Reflets fragmentés de la Basilique Notre-Dame dans les flaques d'eau sur les pavés inégaux de la rue Saint-Paul

Comme on peut le voir, les pavés inégaux brisent le reflet en une composition abstraite, où les couleurs chaudes des lumières se mêlent au bleu du ciel. C’est ici que la photographie transcende la simple reproduction pour devenir interprétation. Cherchez ces juxtapositions de textures : la pierre ancienne, l’eau scintillante, la brique rugueuse. C’est dans ces détails que réside la véritable poésie visuelle du Vieux-Montréal.

Grand angle ou 50mm : quel est le meilleur compagnon pour la photo de rue ?

La question du choix de l’objectif en photographie de rue est un débat sans fin. Faut-il un grand angle pour capturer l’ampleur de la scène ou une focale standard pour s’isoler sur un détail ? La réponse, surtout à Montréal, n’est pas l’un ou l’autre, mais plutôt : quelle histoire voulez-vous raconter ? Chaque focale est un outil narratif avec ses forces et ses faiblesses, particulièrement adaptées à la géographie variée de la ville.

Le grand angle (type 24mm ou 35mm) est l’objectif du contexte. Il excelle pour immerger le spectateur dans la scène. Pensez à la Place des Festivals, où il peut capturer à la fois l’installation lumineuse, l’architecture environnante et la foule. Dans les ruelles étroites du Plateau ou du Mile End, il permet d’exagérer les perspectives des escaliers en colimaçon, créant des lignes de fuite dramatiques. Son inconvénient majeur est la distorsion : si vous êtes trop près d’un sujet humain, vous risquez de le déformer. Il faut donc être au cœur de l’action, ce qui demande une certaine audace.

Le 50mm, souvent appelé « focale standard », offre une perspective très proche de celle de l’œil humain. C’est l’objectif de l’intimité. Il est parfait pour isoler un sujet de son environnement, créant un flou d’arrière-plan (bokeh) qui met en valeur une expression, un geste, une interaction. Imaginez-vous au marché Jean-Talon ou Atwater : le 50mm est idéal pour capturer le portrait d’un marchand, le détail d’un étal de légumes, ou un couple partageant un moment, sans l’agitation visuelle alentour. Il demande de mieux composer, car on ne peut pas tout inclure dans le cadre.

Un tableau peut aider à visualiser ces choix en fonction des scènes montréalaises typiques.

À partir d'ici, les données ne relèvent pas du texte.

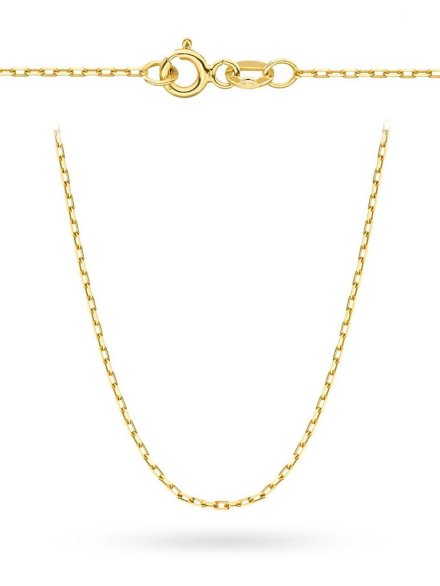 Łańcuszek złoty 50 cm splot ankier • Złoto 585 1.88 g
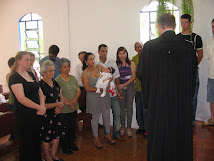 Batizado na Congregação São João do Anahy.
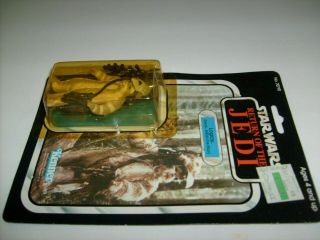 VINTAGE STAR WARS LOGRAY EWOK FIGURE ON RETURN OF THE JEDI ROTJ MOC 77 BACK 6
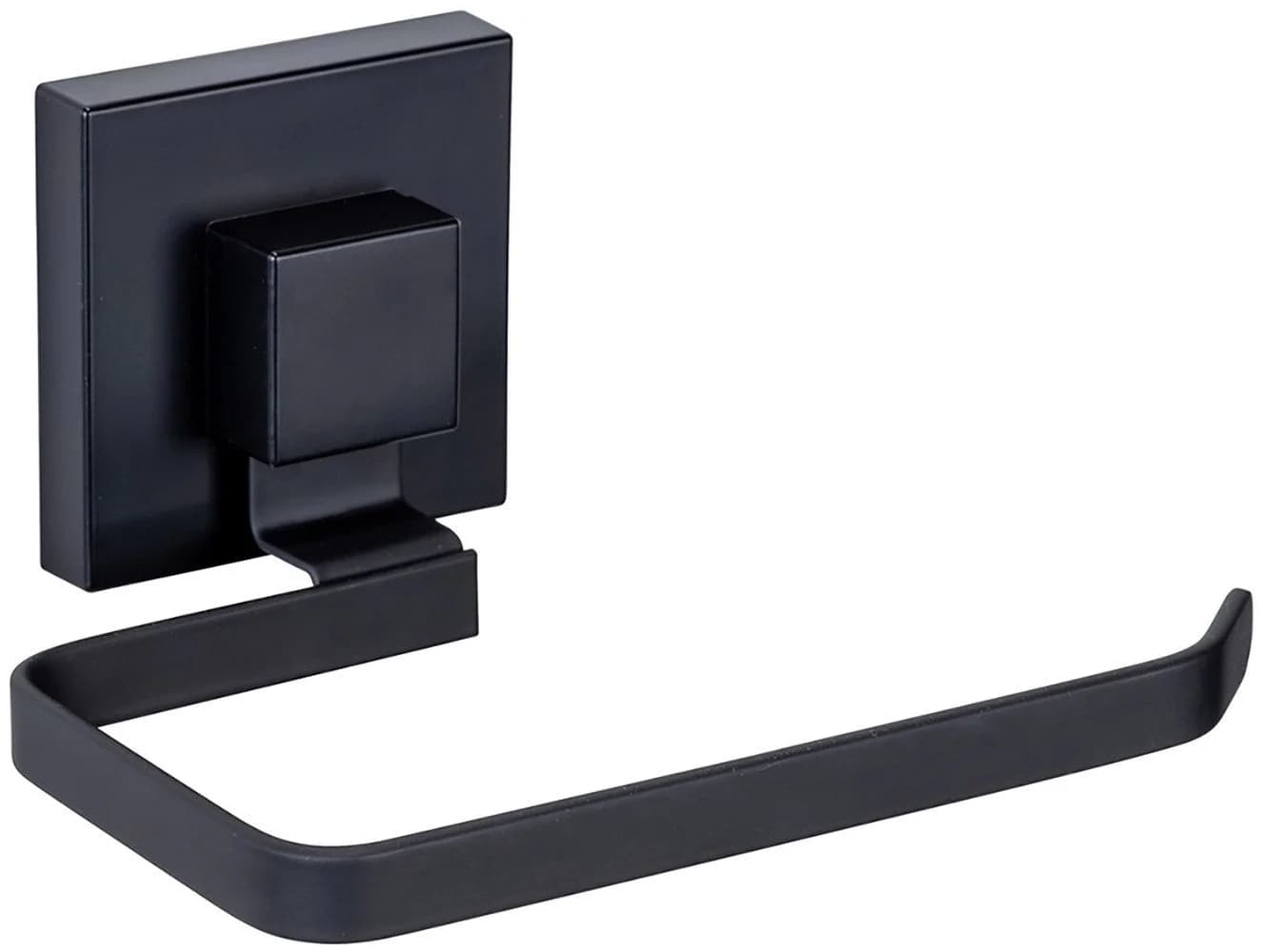 WENKO Toilettenpapierhalter Quadro Edelstahl Schwarz Vakuum-Loc - Bild 3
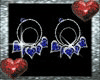 Sapphire Heart Earrings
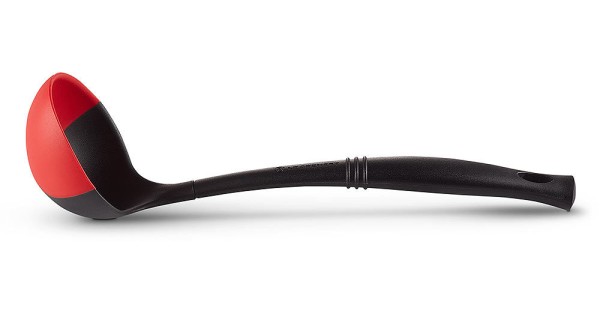 Le Creuset Schöpflöffel mit Silikon-Einsatz Schwarz/Rot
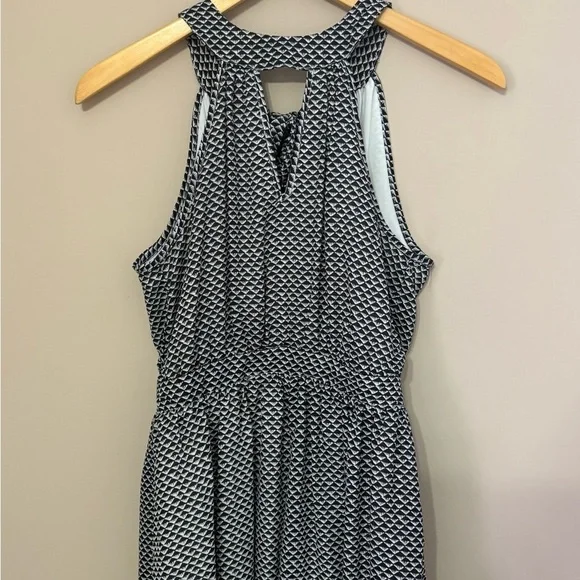 Francesca's Women's Geometric Halter Romper Black Size S Sleeveless - Picture 5 of 6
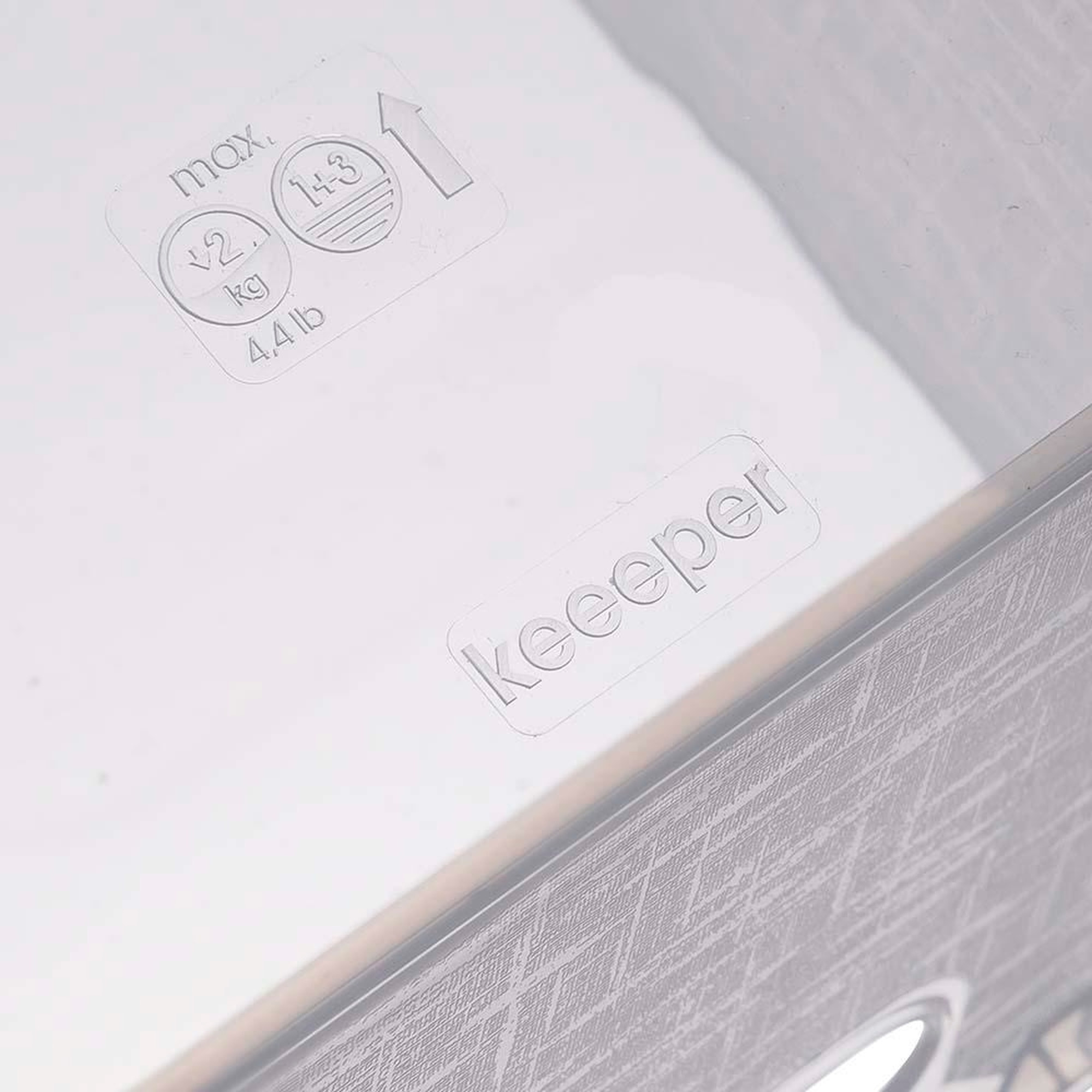 Caja de almacenaje de polipropileno, transparente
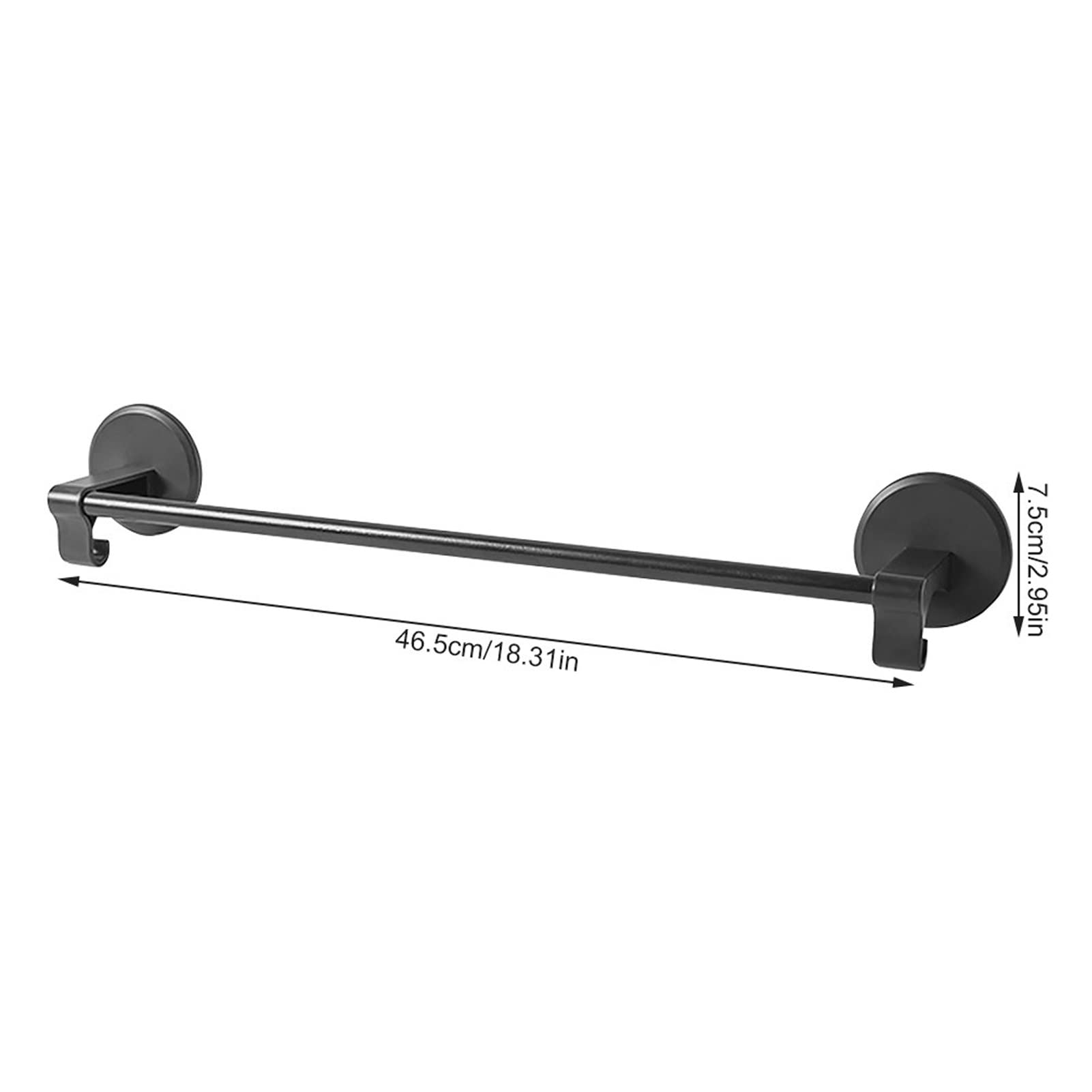 2Pcs Durable Plastic Kitchen Towel Rack with Shelf, Non-Perforated Bathroom Towel Bar, Space-Saving Organizer for Kitchen and Bathroom Storage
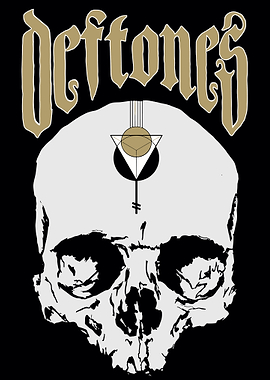 Deftones Skull Graphic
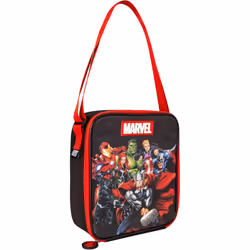 Marvel Avengers Tech Insulated Kids Lunch Shoulder Strap, Official Merchandise by Polar Gear  600D Polyester Cooler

Comparaison des focales pour la photo de rue à Montréal
Focale Avantages Scènes idéales à Montréal Inconvénients
Grand angle (24-35mm) Capture l’immensité, perspective dramatique Place des Festivals, ruelles étroites avec escaliers Distorsion des visages en proche
50mm Vision naturelle, portraits intimes Marchés Jean-Talon/Atwater, scènes de vie isolées Moins de contexte environnemental
85mm ou plus Compression des plans, discrétion Rue Peel avec Mont-Royal en arrière-plan Nécessite plus de recul

L’expérience de terrain montre souvent que la flexibilité est reine. Comme le partage un photographe de rue montréalais sur le blog Duobjectif.ca, l’adaptabilité est essentielle. Certains photographes dédient leur journée à une seule focale pour forcer leur créativité, tandis que d’autres préfèrent la polyvalence d’un zoom.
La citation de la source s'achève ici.